Tantangan: Akurasi Data dan Keadilan Sosial

Kepala Bidang Pengaduan dan Hukum YLKI, Rio Priambodo, menilai rencana ini patut diapresiasi karena membuka akses kesehatan bagi masyarakat kurang mampu. “Ini momentum penting agar peserta lama bisa kembali aktif tanpa terbebani utang,” ujarnya.

Sementara itu, anggota Dewan Jaminan Sosial Nasional (DJSN), Mahesa Paranadipa Maykel, menilai kebijakan ini strategis untuk mempercepat tercapainya Universal Health Coverage (UHC). Namun, ia mengingatkan bahwa akurasi data menjadi kunci utama agar kebijakan ini tidak disalahgunakan.

“Pemutihan harus selektif, berbasis data, dan tidak membebani sistem BPJS setelah dijalankan,” kata Mahesa.


Langkah yang Harus Diperhatikan Pemerintah

Agar kebijakan ini berjalan efektif dan adil, Mahesa menekankan pentingnya tiga hal:

  1. Seleksi ketat penerima manfaat. Pemutihan hanya untuk peserta yang benar-benar tidak mampu.
  2. Kebijakan bersifat satu kali (once in a lifetime).
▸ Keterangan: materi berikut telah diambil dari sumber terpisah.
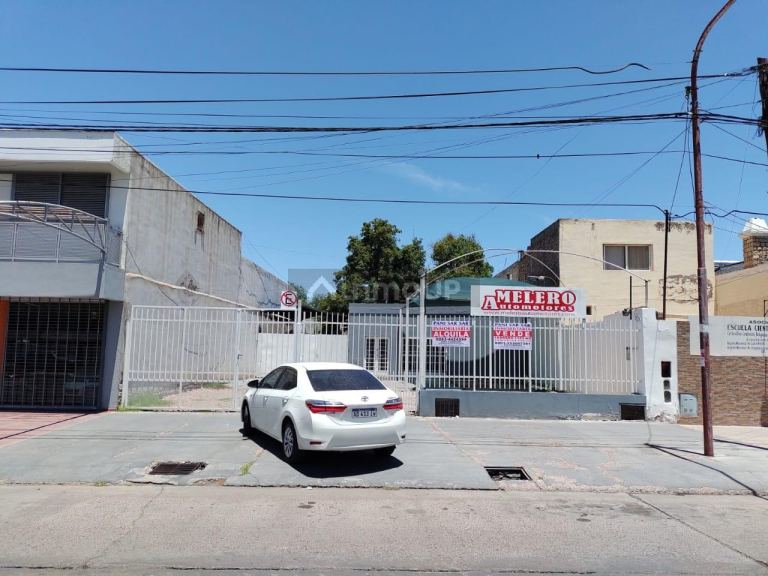 Local Comercial en Venta en San Martin, Mendoza
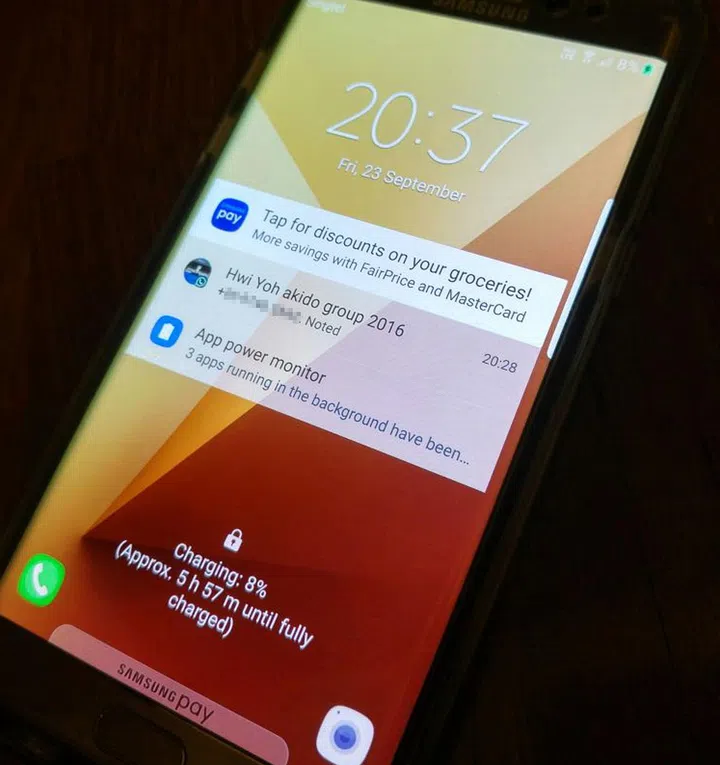itnote27 - After a software update last Thursday (Sept 22), senior marketing manager Vivien Ng's Note7 screen showed an array of rainbow colours. Also, the phone took more than six hours to fully charge.##########Nil##########VIVIEN NG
Setelahnya, peserta wajib kembali aktif membayar iuran.
  3. Penegakan disiplin pembayaran. BPJS dan pemerintah harus memastikan kepatuhan setelah pemutihan selesai.

Menjaga Keberlanjutan Program JKN

Rizzky menegaskan bahwa BPJS Kesehatan bukan lembaga sosial, melainkan badan hukum publik yang menjalankan sistem asuransi sosial. “Program JKN berlandaskan gotong royong, jadi kesadaran peserta untuk rutin membayar iuran sangat penting agar sistem tetap berkelanjutan,” ujarnya.

Hingga pertengahan 2025, tingkat kepatuhan peserta mandiri membayar iuran mencapai hampir 90 persen. Namun, masih ada sekitar 15 juta peserta nonaktif, sebagian besar dari kalangan pekerja informal.